To date, the following books have been published:
Nonfiction Book Proposals
Anybody Can Write,
The Sell Your Novel Tool Kit and A
Writer's Guide to
Nonfiction. These three were published by Perigee (Penguin Putnam). My first
book, Mabel: The Story of One Midwife, was self-published, though distributed by
Midwifery Today magazine. In May 2004, Perigee will publish A Writer's Guide to
Fiction, and in Sept 2004, M. Evans and Company will publish National Directory
of Editors and Writers for Hire.
I have written articles that were published in The Writer and Writer's Digest,
with one from each magazine reprinted in The Writer's Handbook and The Complete
Guide to Novel Writing. Other articles have appeared in online e-zines, writer
organization newsletters, and my first publishing credit, Mothering Magazine. I
may have an essay on my experiences on 9-11 reprinted in a Beford Reader.

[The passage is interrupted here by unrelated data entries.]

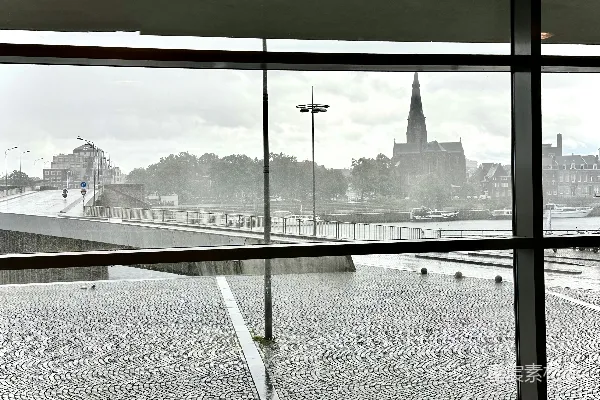 高清摄影 透过窗户看的城市景色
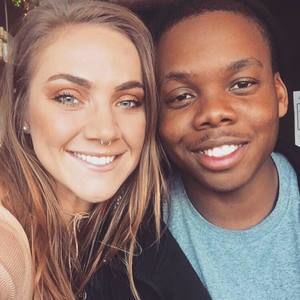 Meet your Posher, Sally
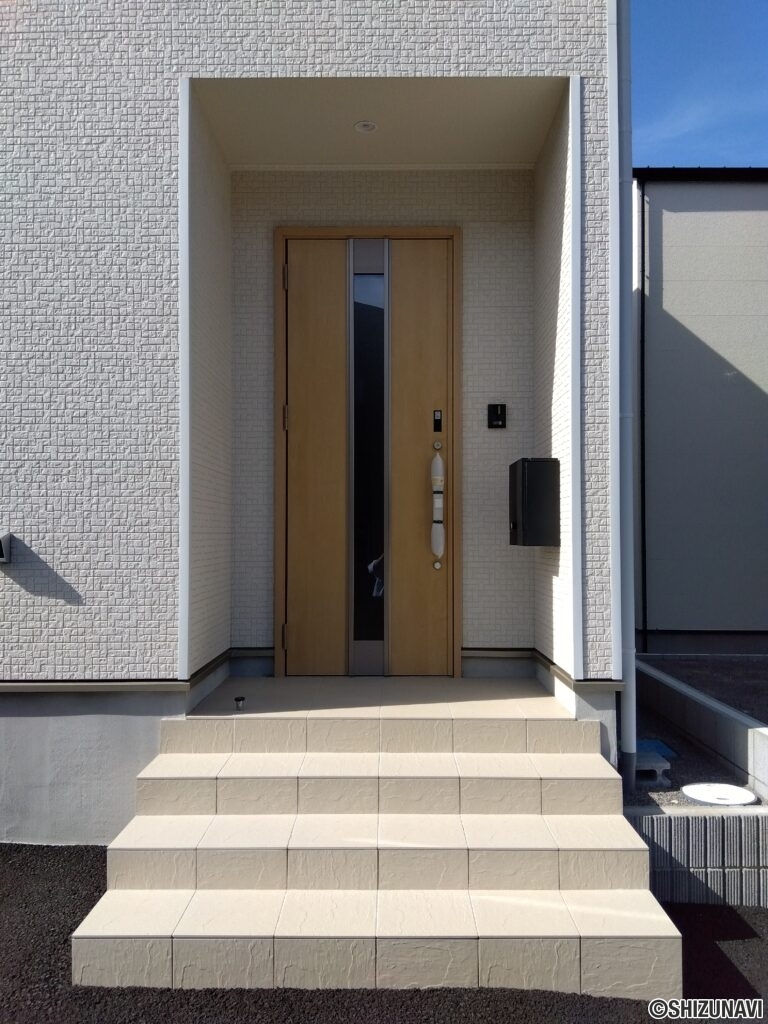 2号棟 玄関外側からの写真です。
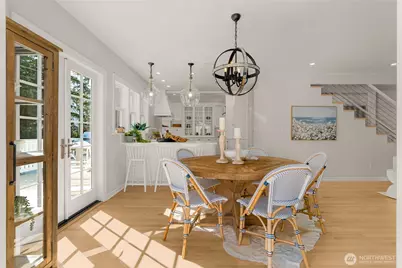 2200 41st Ave SW, Seattle, WA 98116 - Photo 10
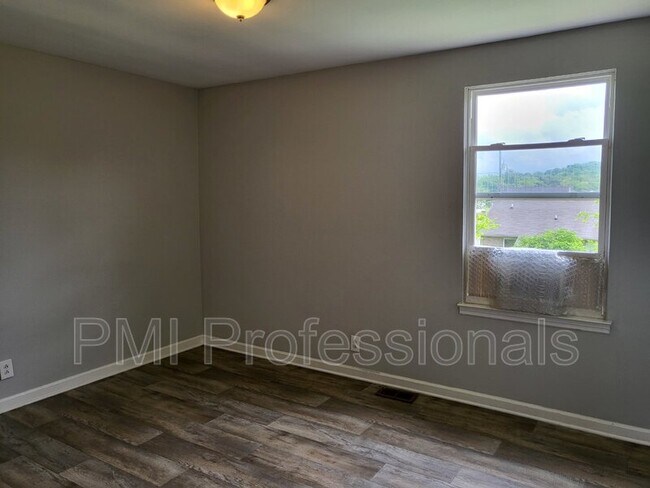 Building Photo - 3606 Willow Creek Ct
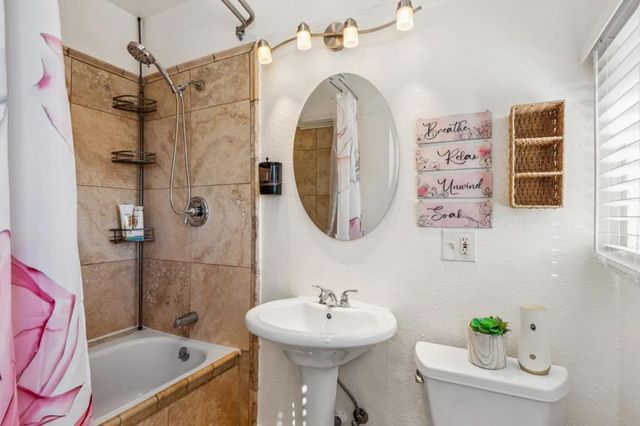 24432445 24th Avenue, Oakland, CA 94601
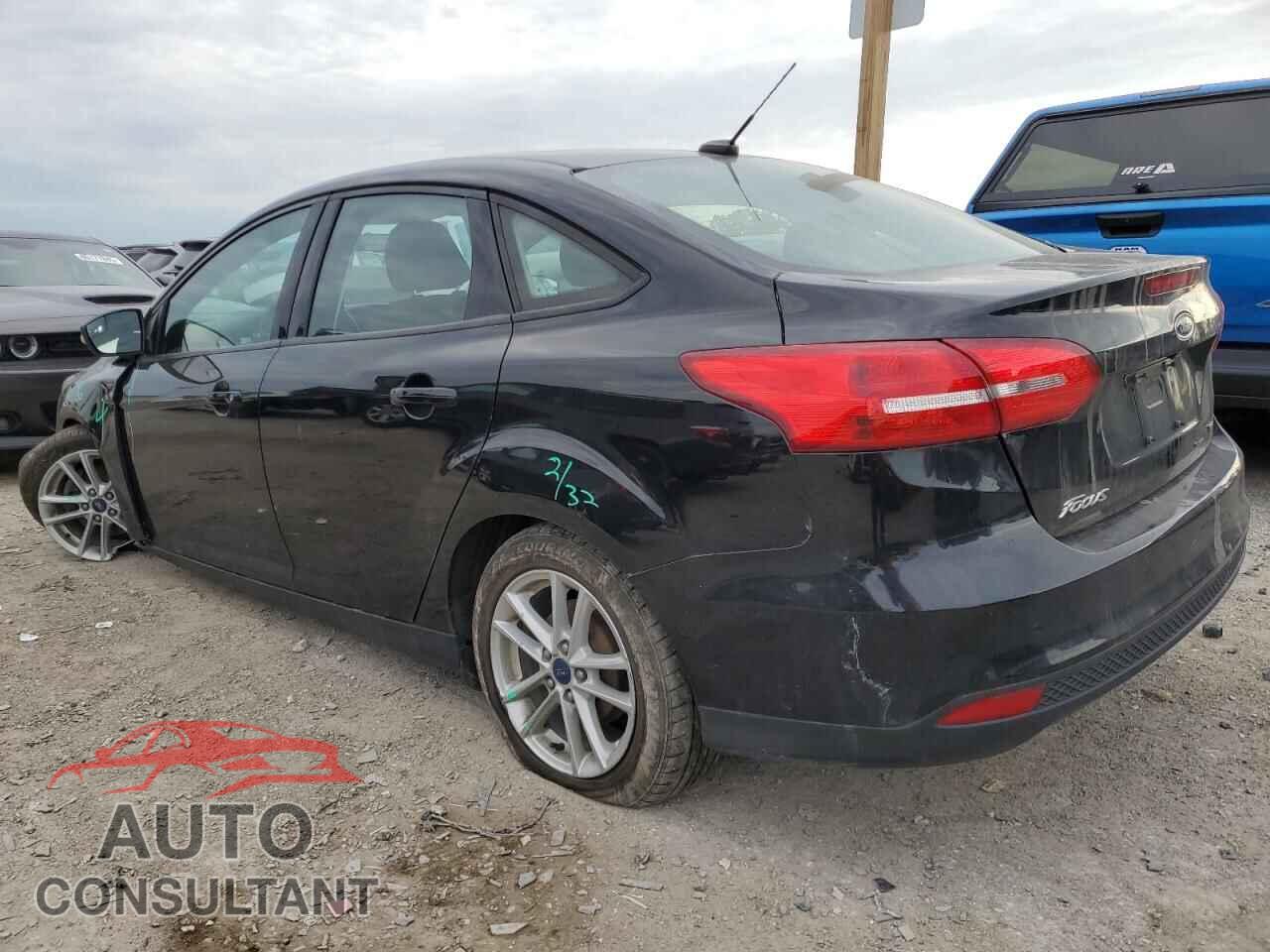 FORD FOCUS 2017 - 1FADP3F27HL218976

For the past five years, I've taught the master classes in novel craft at the
Writer's Retreat Workshop, a 10-day "boot camp" for novelists that takes place
at the end of May in Erlanger, Kentucky. It was started by the late Gary Provost
with his wife, Gail, and is a fabulous live-in workshop for novelists. I no
longer teach writing or publishing classes at any college or university.
Occasionally, one will invite me to do workshops or to speak to a class. Most of
my teaching is by invitation of writing groups or organizations, either through
their conferences or for private seminars I offer over a several-day period.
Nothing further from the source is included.